### [Stored dataset items]
::::::::::
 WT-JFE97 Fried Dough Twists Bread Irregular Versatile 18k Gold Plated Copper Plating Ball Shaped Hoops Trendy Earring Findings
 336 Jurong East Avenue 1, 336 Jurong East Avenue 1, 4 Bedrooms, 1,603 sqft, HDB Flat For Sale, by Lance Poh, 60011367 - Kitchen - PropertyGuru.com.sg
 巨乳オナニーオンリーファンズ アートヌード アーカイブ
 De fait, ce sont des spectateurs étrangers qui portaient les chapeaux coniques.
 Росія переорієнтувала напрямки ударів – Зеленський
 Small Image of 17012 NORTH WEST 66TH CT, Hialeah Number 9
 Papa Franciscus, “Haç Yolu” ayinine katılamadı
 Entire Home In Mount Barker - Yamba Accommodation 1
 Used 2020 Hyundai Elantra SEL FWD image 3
::::::::::
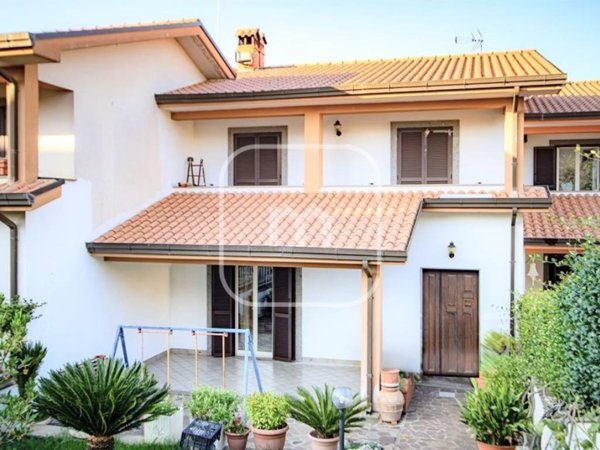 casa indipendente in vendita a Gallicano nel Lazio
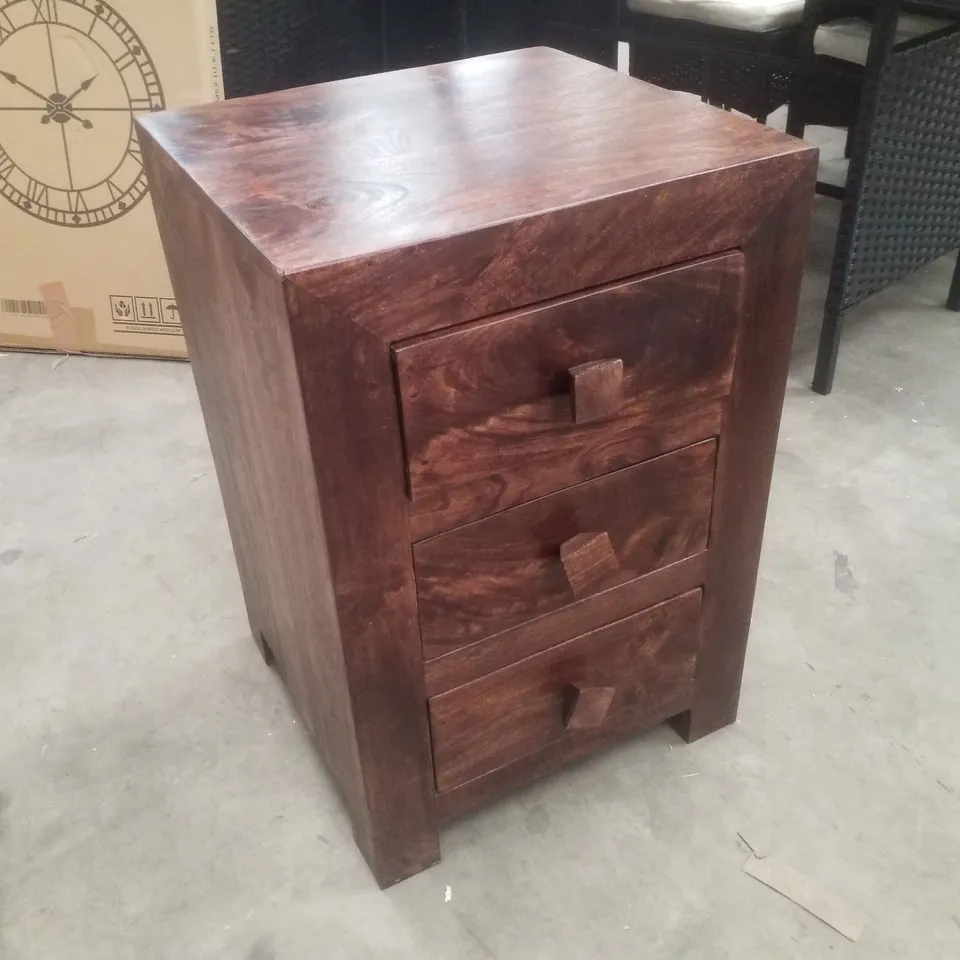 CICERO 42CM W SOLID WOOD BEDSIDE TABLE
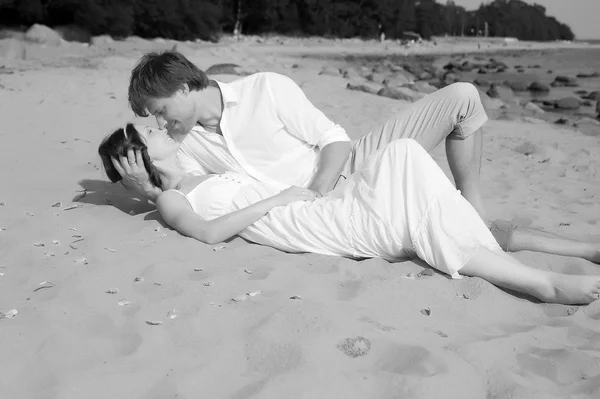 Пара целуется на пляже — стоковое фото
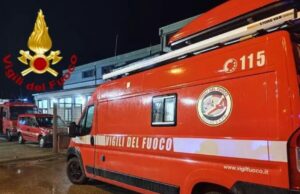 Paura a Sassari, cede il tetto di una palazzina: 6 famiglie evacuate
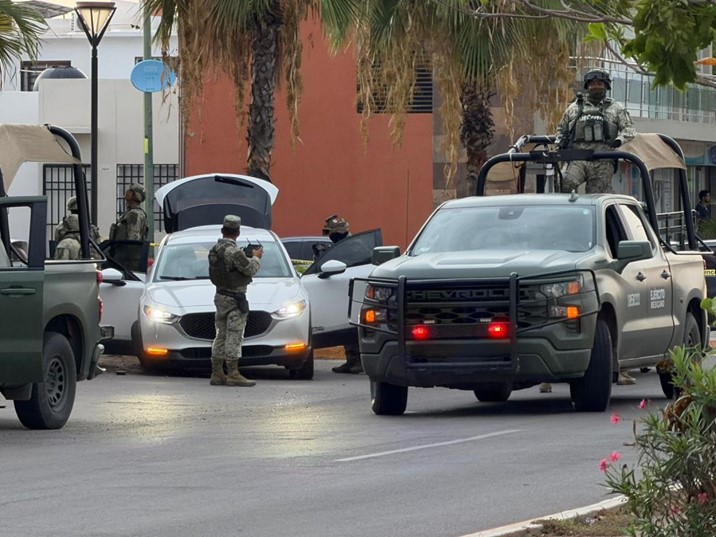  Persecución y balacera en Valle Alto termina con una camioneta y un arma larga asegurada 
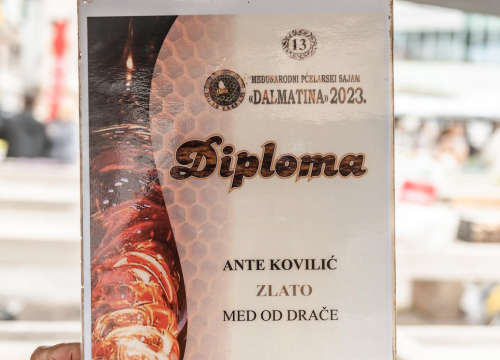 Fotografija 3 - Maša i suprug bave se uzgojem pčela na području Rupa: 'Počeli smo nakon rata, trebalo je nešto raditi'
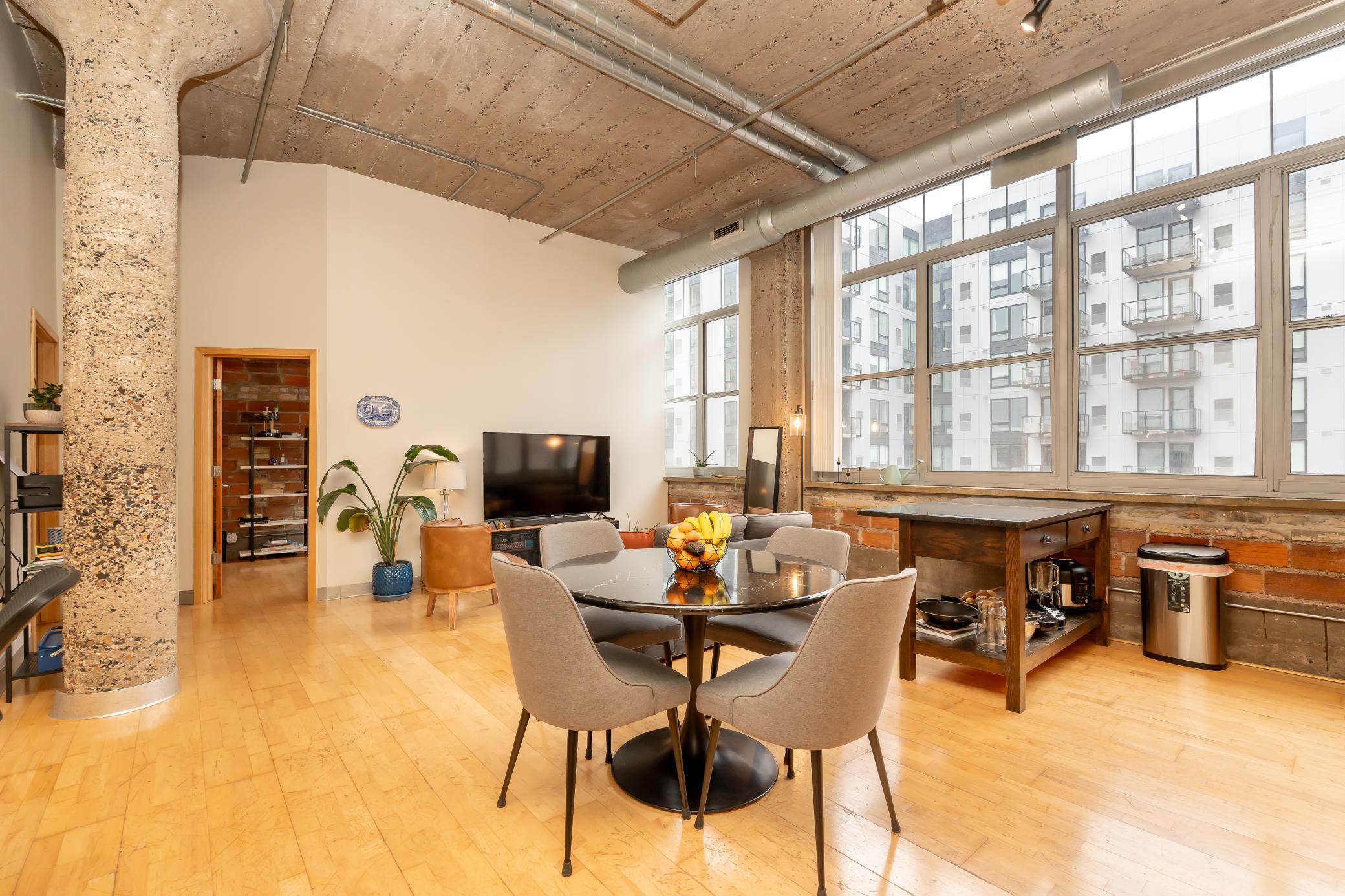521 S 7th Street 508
::::::::::
### [TRY IT]
The range runs from the line above containing "Small Image of" to the line containing "Used 2020 Hyundai Elantra SEL FWD image 3", inclusive. Restate those lines word for word and no others.

### [EXERCISE SOLUTION]
 Small Image of 17012 NORTH WEST 66TH CT, Hialeah Number 9
 Papa Franciscus, “Haç Yolu” ayinine katılamadı
 Entire Home In Mount Barker - Yamba Accommodation 1
 Used 2020 Hyundai Elantra SEL FWD image 3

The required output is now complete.